WASHINGTON (Reuters) - After more than a decade focused on combating Islamist militancy, Western military planners are once again contemplating potential war between major powers - and how to prevent one happening by accident.
Although the Cold War rivalry with Moscow has never been forgotten, current and former Western officials say Russia's annexation of Crimea has NATO powers tearing up strategic assumptions and grimly considering both conventional and nuclear fights.
As late as March, most NATO powers - with the exception of eastern members such as the Baltic States long worried by Moscow - had assumed Europe itself faced no imminent military threat.
It is still the case that few believe Russia would attack any NATO state, but, in order to deter, Western officials say they must consider and plan for the contingency.
The threat to U.S. allies in the Pacific from a stronger China has also focused military minds on how to contain the risks there, and ensure any localized conflict does not spill over into global war.
In a major foreign policy speech at the West Point military academy last month, President Barack Obama spoke mostly on counterterrorism and the Afghanistan withdrawal. But while he said the risk from other nations was now much lower than before the Berlin Wall fell, he made clear it still existed.

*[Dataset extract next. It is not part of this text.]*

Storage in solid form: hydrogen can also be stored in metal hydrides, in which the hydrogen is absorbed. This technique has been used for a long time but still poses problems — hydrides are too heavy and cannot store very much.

"Regional aggression that goes unchecked, whether in southern Ukraine or the South China Sea or anywhere else in the world, will ultimately impact our allies and could draw in our military," he told graduating cadets.

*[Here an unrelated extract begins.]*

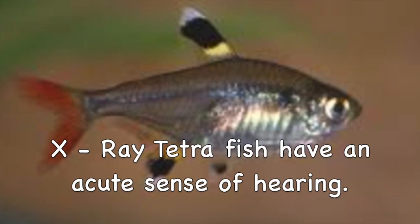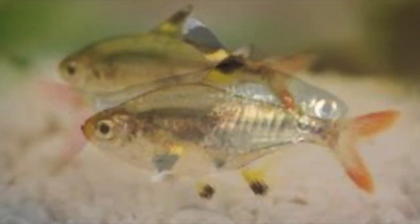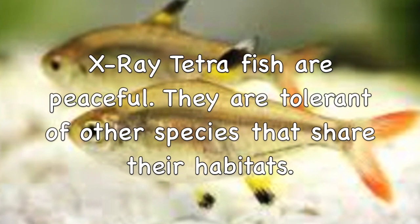X-ray Tetra fish have an acute sense of hearing. X-ray Tetra fish are peaceful. They are tolerant of other species that share their habitats.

Tensions with Moscow and Beijing have increased faster than almost anyone in government in Washington expected. They are expected to dominate a meeting between Obama and Russian President Vladimir Putin in Normandy for the 70th anniversary of D-Day later this week.

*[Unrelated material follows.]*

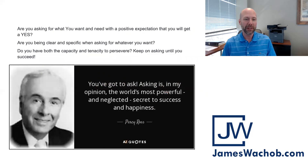James's tidbit for the day: I love this quote — asking is, in my opinion, the world's most powerful and neglected secret to success and happiness. What are you asking yourself? Are you saying, what do I need to get that next property? Should I come to the event in May and learn about why Memphis is a perennial market for investors year over year? Meet the team that makes this possible for hundreds of investors around the world. Ask these questions — maybe you need to convince your spouse to come to the event. Do you have the capacity and tenacity to persevere? Keep on asking until you succeed.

Last weekend's annual Shangri-La Dialogue strategic conference in Singapore, meanwhile, showcased the growing gulf between Washington and Beijing on issues from regional maritime disputes to cyber security.
In recent weeks, current and former officials say, the Obama administration has been insistently reassuring allies and signaling foes where Washington's true red lines are.
Washington might not be prepared to act militarily in Ukraine but an attack on a NATO state such as one of the Baltics or a formal Asian ally like Japan, the Philippines or Australia would commit it irrevocably to war. Those treaty obligations are not new, but U.S. officials say it is important to make clear that they are taken extremely seriously.
They hope that will reduce the risk of an accidental war where a state takes action wrongly assuming other powers will not respond.
"It's not that the leadership in Russia or China is looking for a war - and the United States certainly isn't," says Kathleen Hicks, a U.S. undersecretary for defense until last July who now works for the Center for Strategic and International Studies in Washington.
"The real worry is miscalculation."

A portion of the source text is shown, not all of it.